A key principle of RAG is that it separates the LLM's emerging reasoning abilities (such as decision-making, planning, and problem detection) from the factual data it was trained on.

Since RAG is a general architecture, there are many ways to apply it, which explains its popularity. Some common use cases are:

  • Question Answering - This is the most obvious and best publicized use case for RAG out there. This could be a feature in a larger FAQ, user help base or knowledge app. RAG allows for multiple sources of information to be used to synthesize answers, including domain-specific data (e.g. proprietary information about clinical trials, or engineering documentation about a specific product) that might not have been part of the LLM's more general original training data.

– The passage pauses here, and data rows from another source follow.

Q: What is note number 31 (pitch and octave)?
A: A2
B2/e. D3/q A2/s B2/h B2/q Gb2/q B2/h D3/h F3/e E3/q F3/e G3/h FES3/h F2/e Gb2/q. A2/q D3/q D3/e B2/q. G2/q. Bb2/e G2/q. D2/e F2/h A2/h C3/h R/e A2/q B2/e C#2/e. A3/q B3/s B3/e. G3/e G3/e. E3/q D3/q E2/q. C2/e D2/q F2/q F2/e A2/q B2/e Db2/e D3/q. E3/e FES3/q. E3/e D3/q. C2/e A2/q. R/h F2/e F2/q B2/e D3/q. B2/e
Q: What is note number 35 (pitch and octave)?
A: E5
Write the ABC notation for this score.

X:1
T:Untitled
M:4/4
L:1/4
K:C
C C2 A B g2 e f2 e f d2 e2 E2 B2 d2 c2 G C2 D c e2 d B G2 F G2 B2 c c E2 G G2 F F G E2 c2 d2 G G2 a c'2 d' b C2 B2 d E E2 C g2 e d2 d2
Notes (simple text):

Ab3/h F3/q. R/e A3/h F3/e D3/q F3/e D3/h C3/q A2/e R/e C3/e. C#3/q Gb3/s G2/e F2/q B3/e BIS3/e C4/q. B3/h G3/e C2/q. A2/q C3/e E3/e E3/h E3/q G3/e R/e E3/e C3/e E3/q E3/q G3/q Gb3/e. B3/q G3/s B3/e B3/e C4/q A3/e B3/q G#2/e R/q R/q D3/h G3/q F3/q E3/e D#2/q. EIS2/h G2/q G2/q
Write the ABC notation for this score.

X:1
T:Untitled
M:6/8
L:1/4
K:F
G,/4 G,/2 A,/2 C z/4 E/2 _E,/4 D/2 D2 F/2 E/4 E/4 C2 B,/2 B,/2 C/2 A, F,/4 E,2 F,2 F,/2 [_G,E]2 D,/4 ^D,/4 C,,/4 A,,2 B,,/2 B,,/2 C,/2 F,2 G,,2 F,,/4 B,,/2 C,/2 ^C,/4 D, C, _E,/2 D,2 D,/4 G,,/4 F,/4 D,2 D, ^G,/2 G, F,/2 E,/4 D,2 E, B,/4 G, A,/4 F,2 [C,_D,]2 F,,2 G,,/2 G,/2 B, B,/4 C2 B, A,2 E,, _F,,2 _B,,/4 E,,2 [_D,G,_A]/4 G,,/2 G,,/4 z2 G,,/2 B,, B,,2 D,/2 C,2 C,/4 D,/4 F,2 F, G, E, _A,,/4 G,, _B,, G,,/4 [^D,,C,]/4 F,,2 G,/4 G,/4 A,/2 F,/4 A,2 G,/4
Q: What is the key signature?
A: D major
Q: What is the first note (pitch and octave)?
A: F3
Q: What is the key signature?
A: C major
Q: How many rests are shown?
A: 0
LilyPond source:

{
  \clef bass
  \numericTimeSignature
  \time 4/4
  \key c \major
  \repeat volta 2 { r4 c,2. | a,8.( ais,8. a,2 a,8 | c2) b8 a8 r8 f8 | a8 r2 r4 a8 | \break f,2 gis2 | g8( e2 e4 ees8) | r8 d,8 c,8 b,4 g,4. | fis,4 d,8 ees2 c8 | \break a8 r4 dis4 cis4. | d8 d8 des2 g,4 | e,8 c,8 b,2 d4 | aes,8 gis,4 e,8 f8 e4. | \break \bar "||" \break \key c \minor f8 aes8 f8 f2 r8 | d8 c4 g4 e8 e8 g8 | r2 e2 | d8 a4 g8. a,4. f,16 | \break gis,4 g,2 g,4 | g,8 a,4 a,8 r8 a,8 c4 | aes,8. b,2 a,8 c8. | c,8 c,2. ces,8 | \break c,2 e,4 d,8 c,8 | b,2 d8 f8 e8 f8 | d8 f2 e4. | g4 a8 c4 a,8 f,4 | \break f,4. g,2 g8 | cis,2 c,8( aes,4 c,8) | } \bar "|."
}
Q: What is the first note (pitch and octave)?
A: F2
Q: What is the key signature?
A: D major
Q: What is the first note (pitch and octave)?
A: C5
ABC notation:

  • Chatbot/Co-Pilot - Previous generations of chatbots were often rule-based and scripted. Adding RAG allows conversational interaction with your domain specific knowledge, including nuances of dialog context and history.

  • Enterprise Search - Traditionally this was done via keyword indexing approaches (e.g Elasticsearch). Now RAG brings more relevant results with semantic retrieval and ability to answer more complex queries by correlating several data sources.

  • Agent Knowledge - In agentic systems, individual agents perform tasks based on external environment knowledge. An agent responsible for booking airline tickets can now use RAG to pull data from external knowledge bases, such as the current reservations database or the latest policy documents store, and use this information to decide how to handle a particular request.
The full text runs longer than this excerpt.